(Data provided)

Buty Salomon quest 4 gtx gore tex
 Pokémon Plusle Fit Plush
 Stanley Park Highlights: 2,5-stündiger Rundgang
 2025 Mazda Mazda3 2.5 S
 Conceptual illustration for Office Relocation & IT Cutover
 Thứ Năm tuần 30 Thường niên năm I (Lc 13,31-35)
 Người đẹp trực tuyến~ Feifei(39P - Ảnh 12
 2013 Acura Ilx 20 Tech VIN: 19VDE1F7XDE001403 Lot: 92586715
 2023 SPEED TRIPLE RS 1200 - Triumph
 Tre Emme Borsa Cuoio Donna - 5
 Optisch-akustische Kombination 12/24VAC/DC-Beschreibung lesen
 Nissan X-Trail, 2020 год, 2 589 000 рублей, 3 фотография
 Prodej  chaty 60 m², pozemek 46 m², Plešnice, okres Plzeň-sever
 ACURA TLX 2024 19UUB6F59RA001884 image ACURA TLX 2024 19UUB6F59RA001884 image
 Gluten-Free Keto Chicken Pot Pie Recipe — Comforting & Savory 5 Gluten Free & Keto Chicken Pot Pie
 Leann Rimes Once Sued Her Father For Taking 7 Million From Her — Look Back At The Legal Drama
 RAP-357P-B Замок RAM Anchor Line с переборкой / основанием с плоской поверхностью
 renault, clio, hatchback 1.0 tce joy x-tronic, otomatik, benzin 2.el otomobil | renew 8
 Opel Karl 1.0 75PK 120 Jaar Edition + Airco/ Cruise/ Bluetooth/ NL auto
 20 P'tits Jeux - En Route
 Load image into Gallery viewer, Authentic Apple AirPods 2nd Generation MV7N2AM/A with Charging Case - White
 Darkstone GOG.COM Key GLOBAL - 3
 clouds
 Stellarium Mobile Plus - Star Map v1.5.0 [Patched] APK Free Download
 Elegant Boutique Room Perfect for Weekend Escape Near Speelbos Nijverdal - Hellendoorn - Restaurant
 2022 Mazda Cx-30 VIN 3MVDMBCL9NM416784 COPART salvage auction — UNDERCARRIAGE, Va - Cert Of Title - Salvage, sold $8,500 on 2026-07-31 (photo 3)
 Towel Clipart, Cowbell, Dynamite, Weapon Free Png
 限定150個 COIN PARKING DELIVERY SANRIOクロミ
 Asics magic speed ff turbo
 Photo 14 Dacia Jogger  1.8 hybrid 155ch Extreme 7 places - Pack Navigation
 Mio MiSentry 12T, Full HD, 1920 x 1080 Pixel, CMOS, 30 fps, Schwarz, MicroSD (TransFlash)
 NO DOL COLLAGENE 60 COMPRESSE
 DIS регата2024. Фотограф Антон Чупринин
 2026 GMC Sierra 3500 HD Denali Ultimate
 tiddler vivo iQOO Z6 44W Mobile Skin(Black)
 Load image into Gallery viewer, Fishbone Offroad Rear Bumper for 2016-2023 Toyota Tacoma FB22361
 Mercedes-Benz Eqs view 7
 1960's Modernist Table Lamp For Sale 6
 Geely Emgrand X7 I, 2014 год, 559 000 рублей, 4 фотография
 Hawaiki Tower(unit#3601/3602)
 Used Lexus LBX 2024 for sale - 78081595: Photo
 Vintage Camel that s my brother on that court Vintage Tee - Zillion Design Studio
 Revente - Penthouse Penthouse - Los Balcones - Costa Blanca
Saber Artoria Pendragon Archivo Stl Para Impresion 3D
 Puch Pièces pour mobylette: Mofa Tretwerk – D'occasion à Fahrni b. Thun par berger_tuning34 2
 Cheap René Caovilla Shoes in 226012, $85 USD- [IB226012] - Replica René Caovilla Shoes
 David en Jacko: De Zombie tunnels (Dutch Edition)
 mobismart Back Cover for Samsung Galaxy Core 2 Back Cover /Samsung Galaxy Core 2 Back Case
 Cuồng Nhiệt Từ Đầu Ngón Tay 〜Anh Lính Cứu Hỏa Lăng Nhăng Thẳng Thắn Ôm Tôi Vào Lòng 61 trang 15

(End Data provided)

● How to complete this task
Filter the listing above for the string "фотография" and copy every matching line.

● Response below
 Nissan X-Trail, 2020 год, 2 589 000 рублей, 3 фотография
 Geely Emgrand X7 I, 2014 год, 559 000 рублей, 4 фотография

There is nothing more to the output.